According to the second aspect of the invention, a plurality of phase compensating capacitors having the same capacitance or different capacitances which can be selected and operated by a control signal from the second selection register are operable. Since it is composed of capacitors, there is an effect that a required frequency characteristic can be set arbitrarily and easily by only selecting the number of the capacitors.

Further, according to the invention of claim 3, the constant current source transistor is composed of a plurality of transistors of the same size or different sizes which are selected and operated by a control signal from the selection register. Then
Moreover, since the phase compensating capacitor is composed of a plurality of capacitors having the same capacity or different capacities that can be operated by selecting an arbitrary number by the control signal from the second selection register, the frequency characteristics can be further divided. There is an effect that one that can arbitrarily and easily set one of these can be obtained.

[Brief description of drawings]

FIG. 1 is a circuit diagram showing a semiconductor integrated circuit according to an embodiment of the present invention.
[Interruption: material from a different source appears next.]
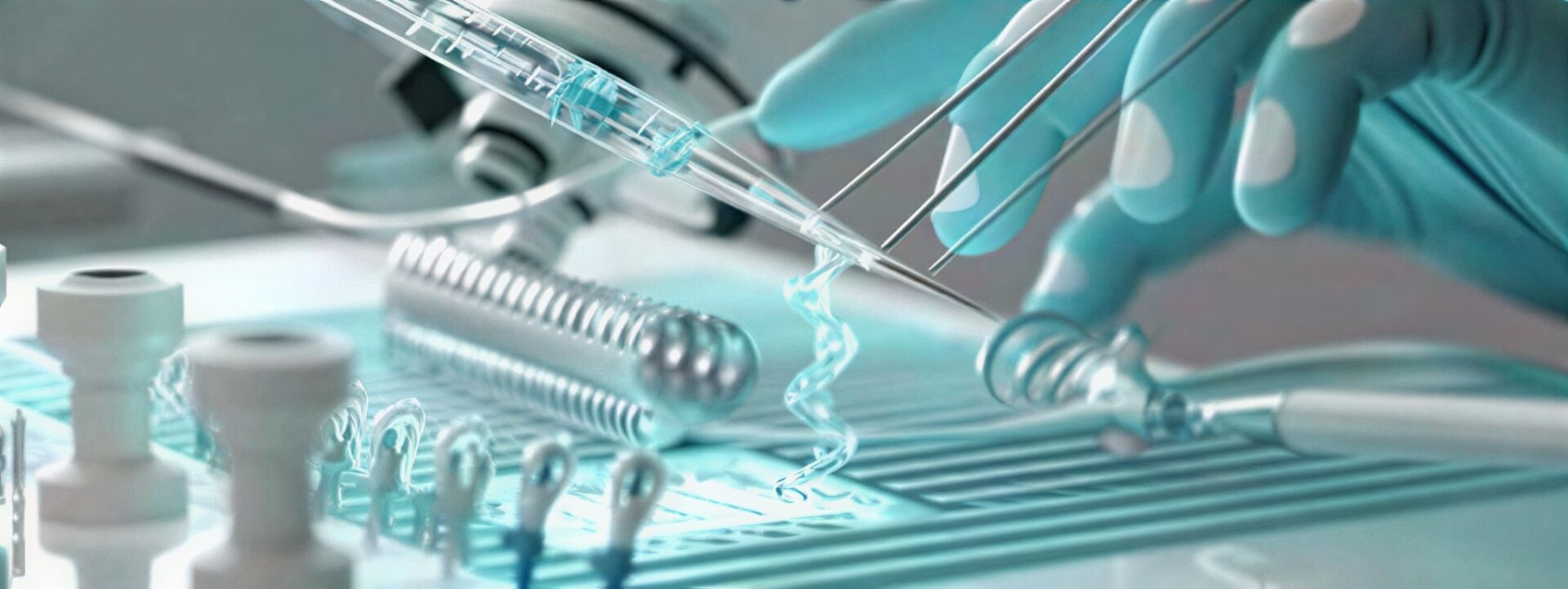 Scientist handling laboratory instruments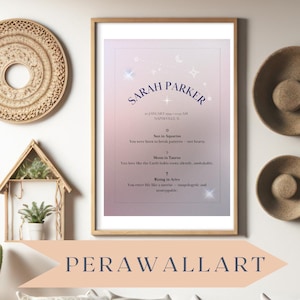 Póster personalizado de la carta astral astrológica – Arte mural personalizado del zodiaco – Regalo digital para ella – Decoración imprimible del horóscopo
FIG. 2 is a circuit diagram showing a semiconductor integrated circuit according to an embodiment of the invention of claim 2;

FIG. 3 is a circuit diagram showing a conventional semiconductor integrated circuit.

[Explanation of symbols]

 5 differential amplifier circuit 6 MOS inverter type output buffer 7, 7a phase compensation capacitor 8a first selection register 8b second selection register 9 current mirror circuit 10 MOS differential amplification pair 11, 11a constant current source transistor

Claims (3)

[Claims] 1. A differential amplifier circuit comprising a current mirror circuit, a MOS differential amplifier pair and a constant current source transistor,
In the semiconductor integrated circuit including a MOS inverter type output buffer for amplifying the output of the differential amplifier circuit and a phase compensation capacitor connected between the MOS inverter type output buffer and the differential amplifier circuit, the constant current 2. A semiconductor integrated circuit, characterized in that the source transistor is composed of a plurality of transistors of the same size or different sizes, which can be operated by selecting an arbitrary number of them by a control signal from the first selection register. 2. A differential amplifier circuit comprising a current mirror circuit, a MOS differential amplifier pair, and a constant current source transistor,
In the semiconductor integrated circuit including a MOS inverter type output buffer for amplifying the output of the differential amplifier circuit and a phase compensation capacitor connected between the MOS inverter type output buffer and the differential amplifier circuit, the phase compensation The semiconductor integrated circuit is characterized in that the capacitors for use are composed of a plurality of capacitors having the same capacity or different capacities that can be operated by selecting an arbitrary number of capacitors by a control signal from the second selection register. 3. A differential amplifier circuit comprising a current mirror circuit, a MOS differential amplifier pair and a constant current source transistor,
In the semiconductor integrated circuit including a MOS inverter type output buffer for amplifying the output of the differential amplifier circuit and a phase compensation capacitor connected between the MOS inverter type output buffer and the differential amplifier circuit, the constant current The source transistor is composed of a plurality of transistors of the same size or different sizes that can be operated by selecting an arbitrary number of them by the control signal from the first selection register, and the phase compensation capacitor is set to the second selection. A semiconductor integrated circuit comprising a plurality of capacitors having the same capacity or different capacities which can be selected and operated by a control signal from a register.